Records drawn from a dataset:

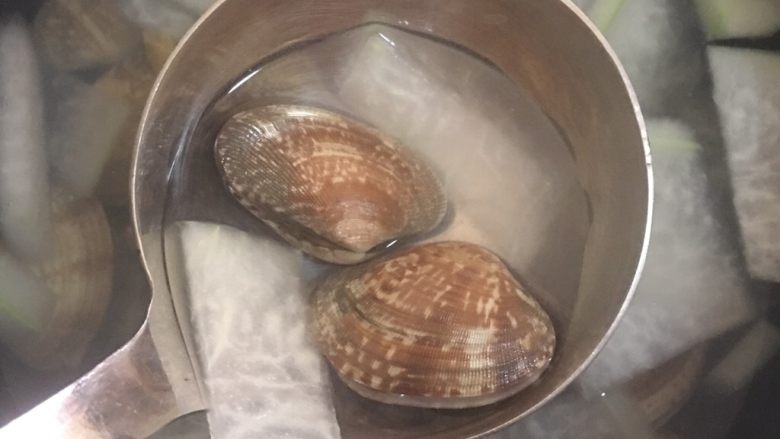 冬瓜花蛤汤 宝宝辅食12M+,等水沸后把花蛤煮进去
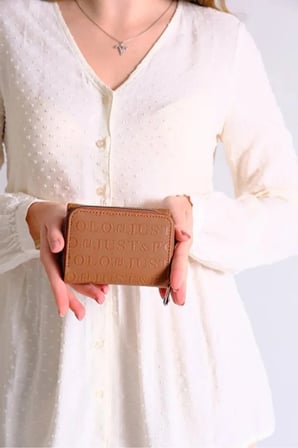 Günlük Kombinlere Uygun Kadın 6 Kart Bölmeli Fermuarlı ve ÇıtÇıt Kapamalı Şık Cüzdan Shopper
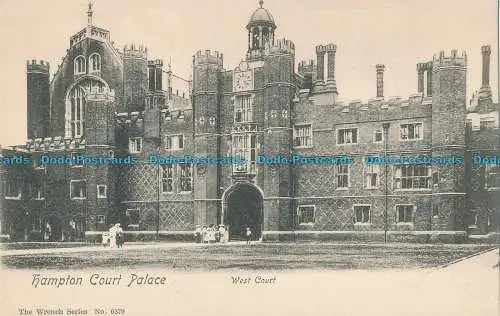 R000917 Hampton Court Palace. West Court. Schraubenschlüssel. Nr. 6379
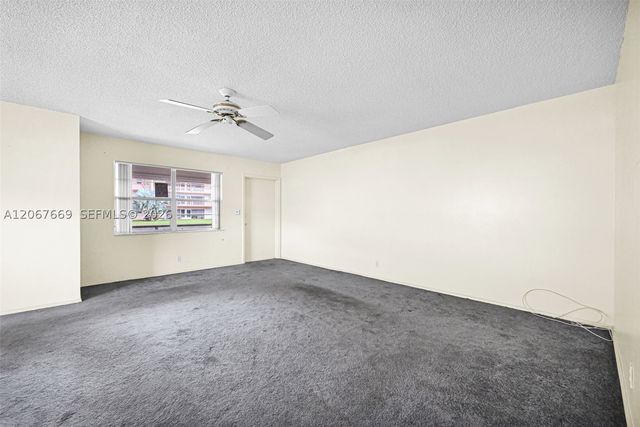 5300 Washington St R110, Hollywood, FL 33021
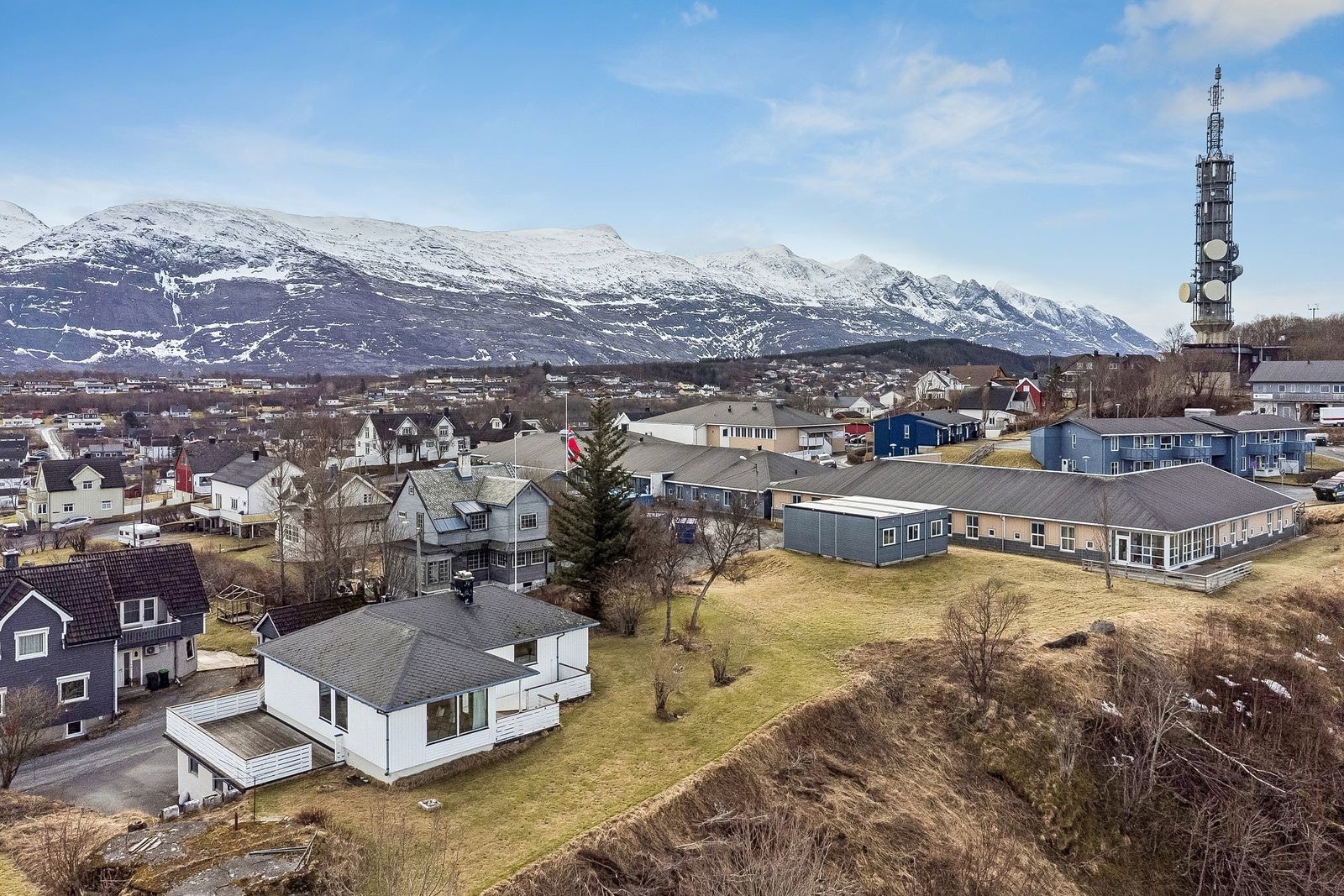 Eiendommen ligger i et rolig boområde med lite gjennomgangstrafikk Galleribilde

**Work instructions**
Reproduce each entry above word for word. Pictures are not part of the copy.

**Output for this task**
 冬瓜花蛤汤 宝宝辅食12M+,等水沸后把花蛤煮进去
 Günlük Kombinlere Uygun Kadın 6 Kart Bölmeli Fermuarlı ve ÇıtÇıt Kapamalı Şık Cüzdan Shopper
 R000917 Hampton Court Palace. West Court. Schraubenschlüssel. Nr. 6379
 5300 Washington St R110, Hollywood, FL 33021
 Eiendommen ligger i et rolig boområde med lite gjennomgangstrafikk Galleribilde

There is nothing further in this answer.